Bryan Flanagan uses Ted Williams as an incredible example of somebody who embodies confidence in its purest, truest and most honest form. When talking about the importance of confidence in his bookEncouragement for the Sales Professional, Flanagan points to Williams’ “lifetime batting average of .344 and his 521 home runs” to “qualify him for that distinction” of being the “greatest hitter in baseball.”
He then tells the story of Williams’ 70th birthday and how a sports writer asked the storied Hall of Famer “Ted, if you were playing in today’s game with the smaller ball parks and lack of quality pitching, what would you hit?” What the write obviously meant to ask is how Williams thinks he would have sized up to the people of today, playing baseball in conditions that differed greatly from the conditions Williams was used to as a professional major league baseball player.
However, the tremendously confident Ted Williams was not about to let a sports writer make him feel as if his age would prevent him from reaching success. “Without hesitating, Williams replied, ‘Oh, I’d hit about .320.’ The writer was taken aback and quickly said, ‘But, Ted, you were the last player to hit .400 and your lifetime average is .344. And, you think you’d only hit .320?’ Williams said, ‘Yeah, but I’m 70 years old!’ Now, that’s confidence!” We would have to agree!
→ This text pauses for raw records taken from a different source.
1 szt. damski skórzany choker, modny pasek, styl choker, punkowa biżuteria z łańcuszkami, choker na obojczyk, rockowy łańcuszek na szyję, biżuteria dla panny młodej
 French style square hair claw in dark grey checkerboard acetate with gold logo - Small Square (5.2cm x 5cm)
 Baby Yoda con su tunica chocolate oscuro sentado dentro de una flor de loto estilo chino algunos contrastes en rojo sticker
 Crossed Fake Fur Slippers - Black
If somebody like Ted Williams can maintain the confidence to say that he could still play baseball at seventy years old with people a third of his age, and not just play – but play well, you might just need to realize the lesson being taught here. You can transform your life if you just remember to be confident in yourself you’re your abilities. “Confidence is maintaining faith in yourself no matter your age,” no matter your situation and no matter your environment. Confidence is what gets you through life when you are feeling down, when you are feeling old, when you are feeling like the cards are stacked against you.
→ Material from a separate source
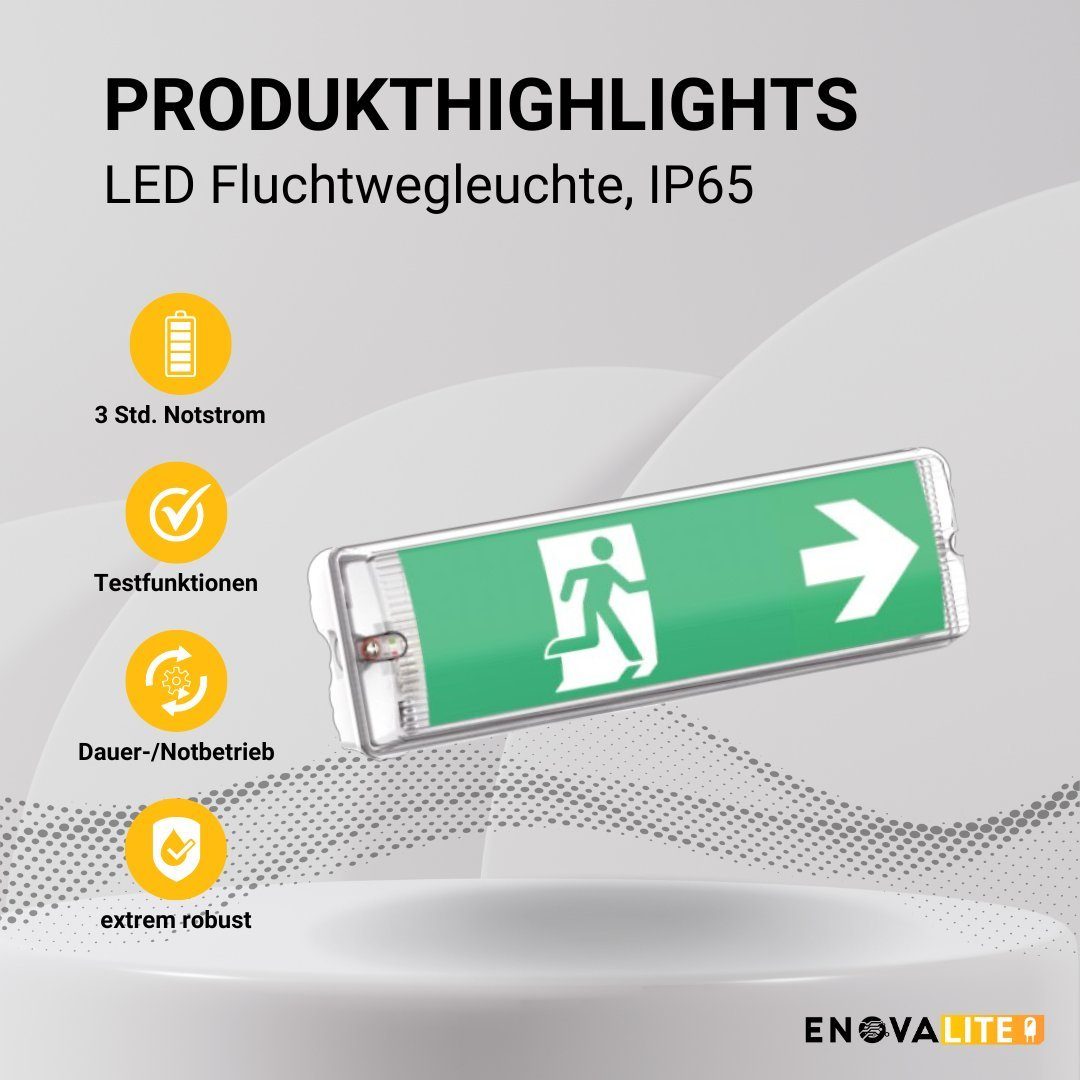 ENOVALITE LED Arbeitsleuchte LED-Fluchtwegleuchte, Notausgang mit Notstrom, TEST-Funktion, IP65, LED fest integriert, Tageslichtweiß, Fluchtwegleuchte, Notleuchte, Fluchtweg, Notbeleuchtung, Notfallakku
“Confidence makes a difference. Confidence is a firm belief in yourself; it’s a certainty or belief in one’s own abilities.” Flanagan wants people to remember to “never leave home without” confidence because, as Williams shows here, it can not only help you with success – but it can help you when you are beyond your successes and need humor in your life again, or when you just want to get back out there and see what you can do again. Confidence can help you transform your life.